UPDATE 2/12/19 8:48 am: Jud Spencer of The Trade Desk notes something interesting:
There is a lightly adopted property in OpenRTB 2.5 that could help here, pchain. PChain allows all of the intermediaries in a transaction to be identified. Increasing adoption of pchain (and plugging a couple of holes in it) could allow buyers to make “cleaner” decisions.
— Jud Spencer (@JudSpencer) February 12, 2019
I remember this being announced, but I was more intrigued at the time with the announcement about programmatic native support. PChain could be a good intermediary step in lighting supply chains as we work towards Ads.cert. However, it is based around the TAG Payment ID and requires TAG registration.
Also, I’ve been mulling this column over and realized I ducked out of a conclusion… If buyers move away from the open marketplace and then further toward programmatic direct (mainly with highly visible, well-known publishers), sure, it will be deterrent to fraud. But a lot of honest, smaller publishers will also suffer. Most SSPs and exchanges not named Google likely need resellers and those honest, smaller publishers to buoy their scale.
The DoubleVerify report has really hit it home that Ads.txt is not a cure-all, but next steps aren’t very clear. Of course, the anti-fraud vendors are using this to push their wares on buyers, but it should be noted that a lot of these rely on whitelists and blacklists that lose freshness as they’re being updated, and scanning isn’t 100% effective. We need a better programmatic market, and change must come from the inside.

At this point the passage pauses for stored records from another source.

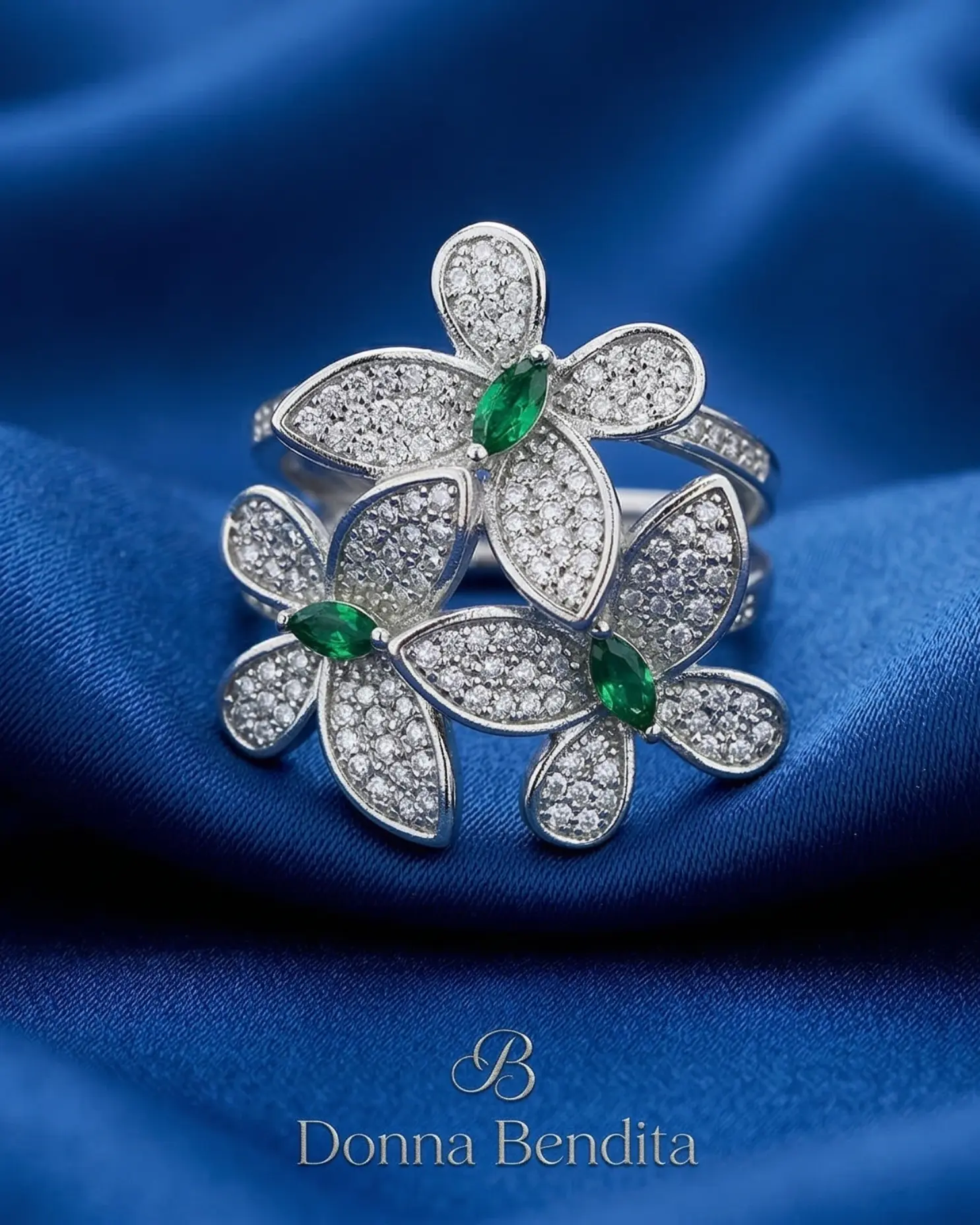 Anel Regulável Trio de Flores com Cristais e Microzircônias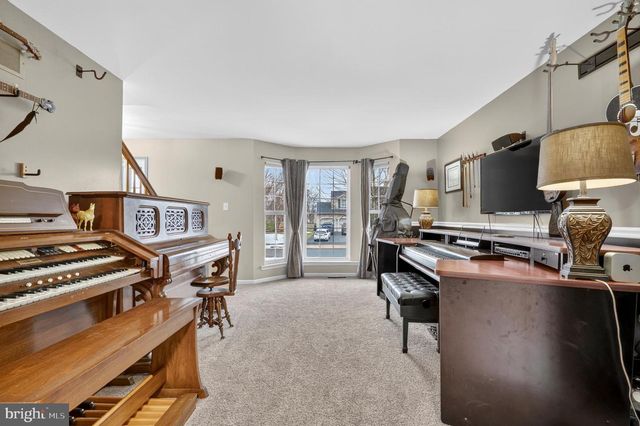 209 WOODBRIDGE LN, Douglassville, PA 19518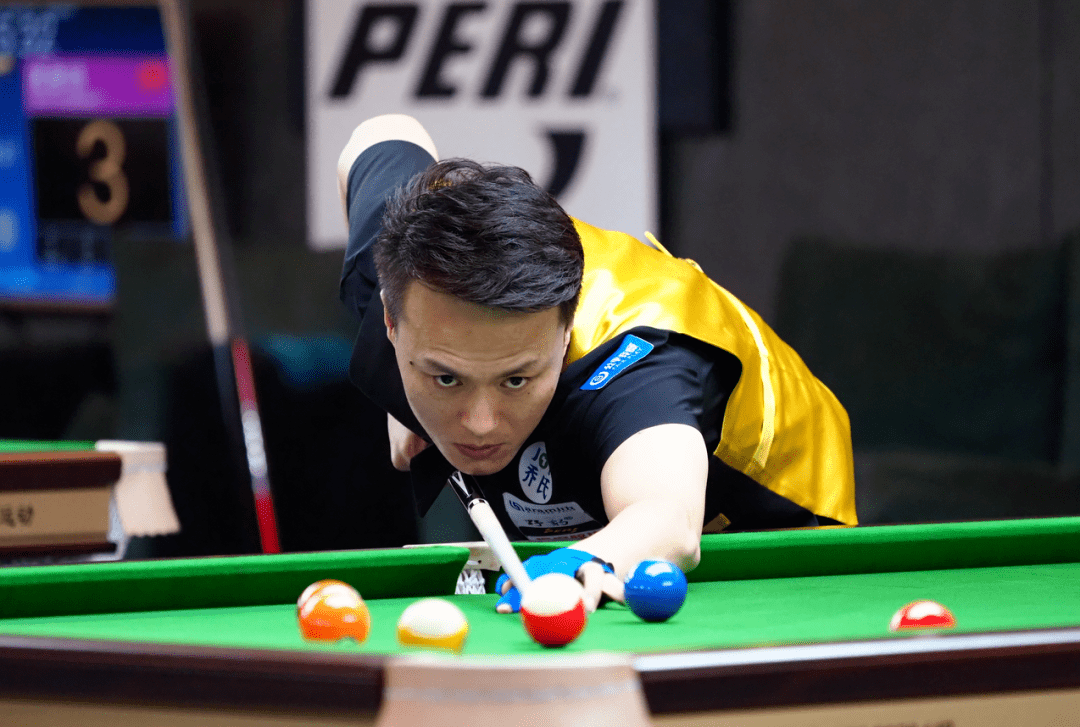 球迷反复提 球迷反复提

Publishers need to be vigilant about choosing ethical resellers, but that’s a tough ask. How do you know who is a good guy? Well, you should really talk among your peers and with larger exchanges… and my marketing people would kill me if I didn’t mention that the AdMonsters Publisher Forum is an excellent place to do that. Happens we have one in Miami March 10-13.
And exchanges… It’s time to clean house. Kick the scummy resellers to the curb and actively police a zero-tolerance domain-spoofing policy. Because the programmatic reckoning has already begun, and it’s going to catch up with all of our bad acts sooner rather than later.